Dans leurs mises en scènes caricaturales, les crimes dégoulinent de ketchup et les trophées sont en carton-pâte. Quant à leurs portraits photographiques, ils symbolisent les questions identitaires inhérentes à leur origine. Avec humour, Ricardo Valverde, l’air christique et inspiré, pose ainsi dans un appartement déguisé en Inca, avec tout l’attirail que le colon blanc lui prête : plumes, toque et fausses pierreries. Ces fictions sont un prétexte pour donner une visibilité à leur communauté, absente du milieu de l’art. Au lieu de se fondre dans la masse, ils crient leur existence et attirent l’attention via des performances costumées et exubérantes.

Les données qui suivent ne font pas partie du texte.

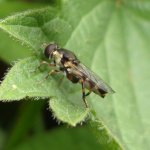 Canal Hoverflies 02.JPG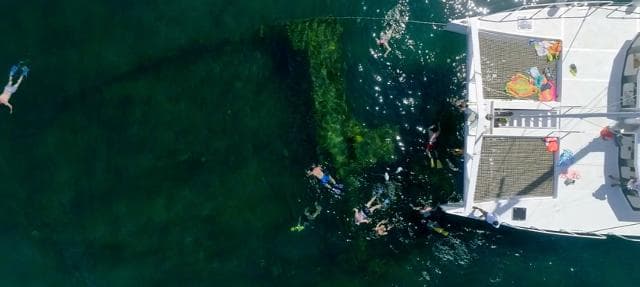 Samaná: Catamaran Boat Tour with Snorkeling and Lunch - Photo 4 (Gallery view)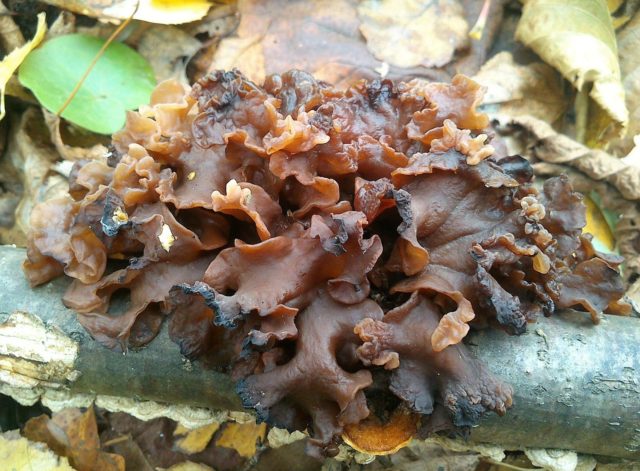 Mushroom trembling leafy (fringed): photo and description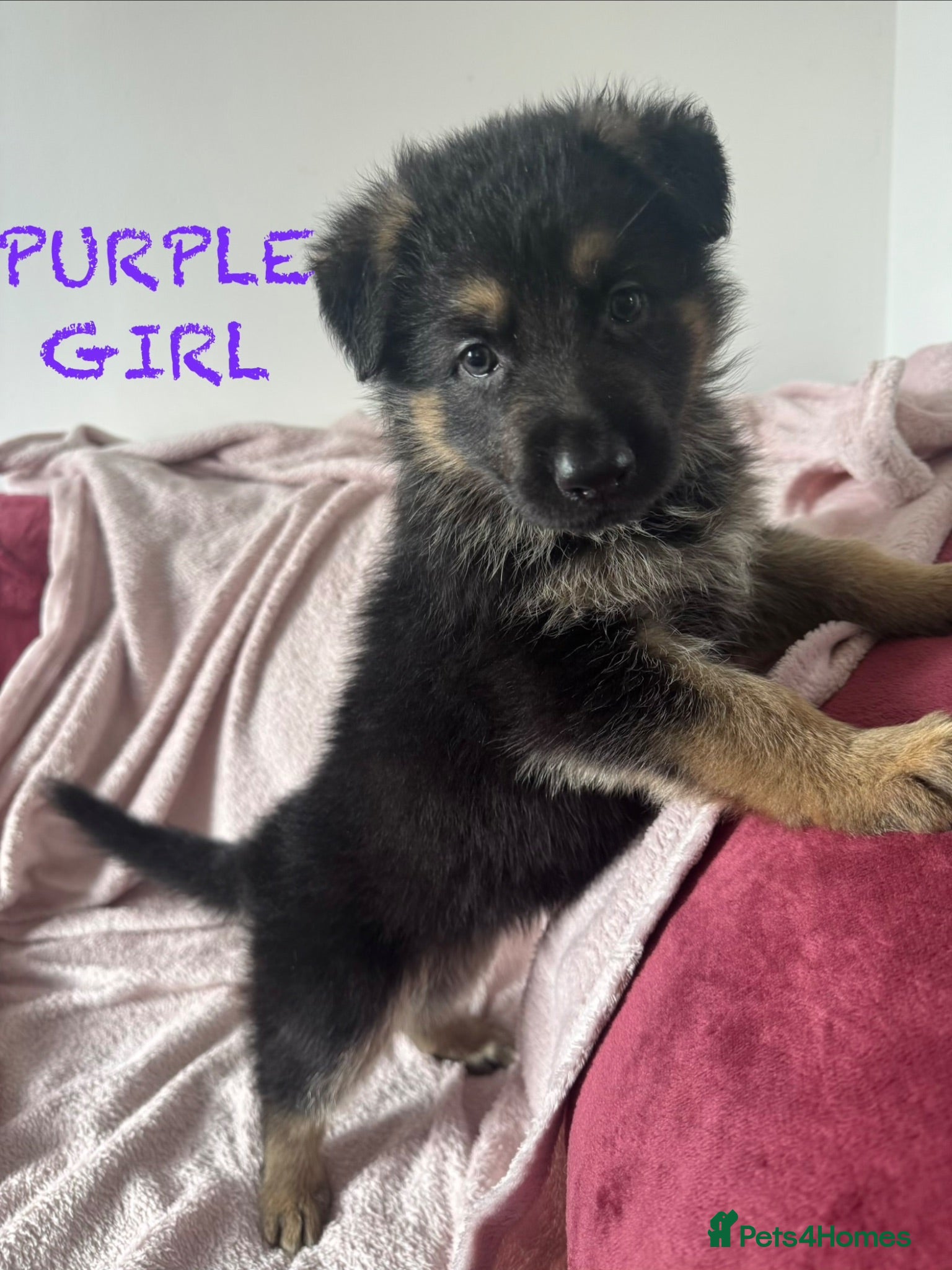 German Shepherd dogs Stunning Family Raised German Shepherd Puppies - Advert 5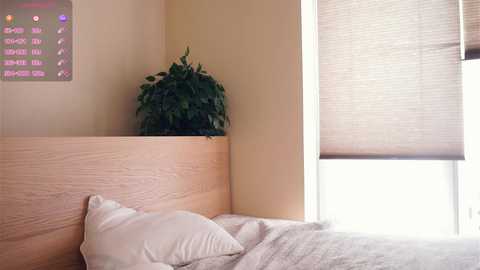 rowenahallman free recording from 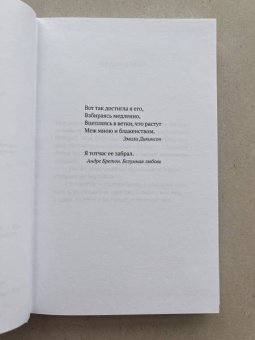 Дани Эрикур: Ложка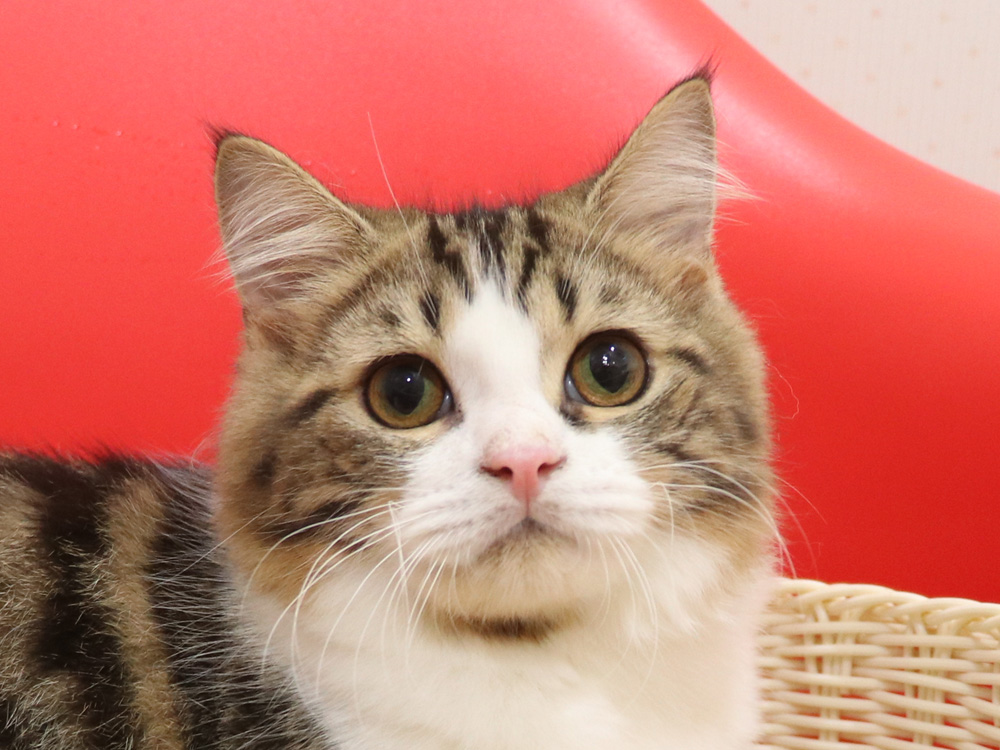 スコティッシュフォールドの子猫画像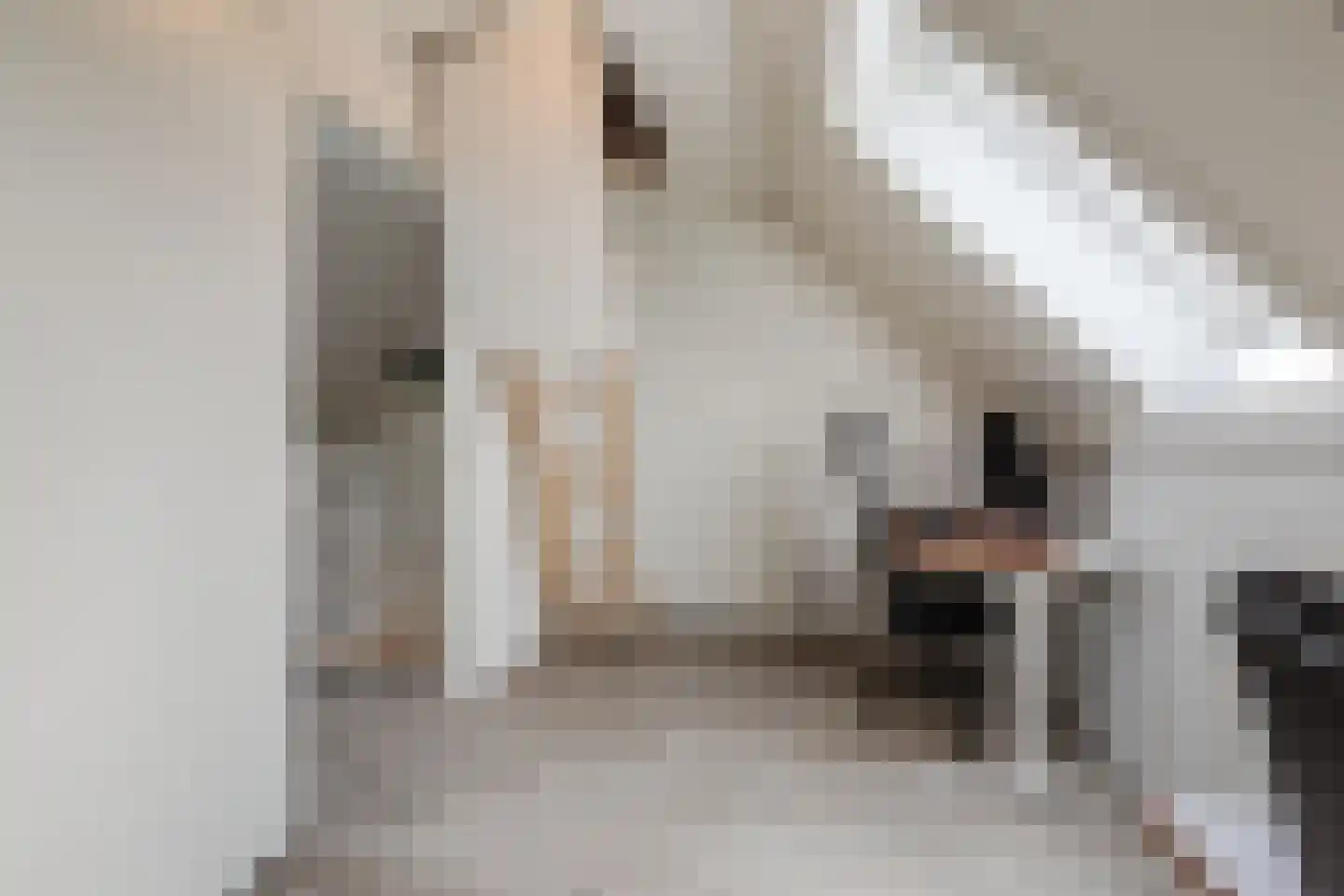 Sijsjespeer 18 Boskoop thumbnail 29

Leur présence dans la rue est en soi une déclaration, les autorités de l’époque étant farouchement opposées aux manifestations publiques.

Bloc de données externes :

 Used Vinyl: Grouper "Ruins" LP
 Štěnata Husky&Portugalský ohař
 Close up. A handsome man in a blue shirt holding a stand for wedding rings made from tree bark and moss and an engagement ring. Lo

Plusieurs étages de caricature et de jeu plus tard, on s’aperçoit que l’absurdité qu’Asco revendique et dénonce a complètement flouté les repères entre fiction et réalité, soulevant une réflexion sur les constructions sociales et la hiérarchie qu’elles induisent.
Adèle de Keyzer
Asco & Friends – Exiled Portraits : jusqu’au 6/07 à la Tour-Panorama (Friche La Belle de Mai, 41 rue Jobin, 3e).
Rens. www.trianglefrance.org / www.lafriche.org
Visites Flash les 12 & 13/04 à 14h30 avec jeux intellectuels (ou pas), dans le cadre du week-end Made in Friche (dès 12 ans)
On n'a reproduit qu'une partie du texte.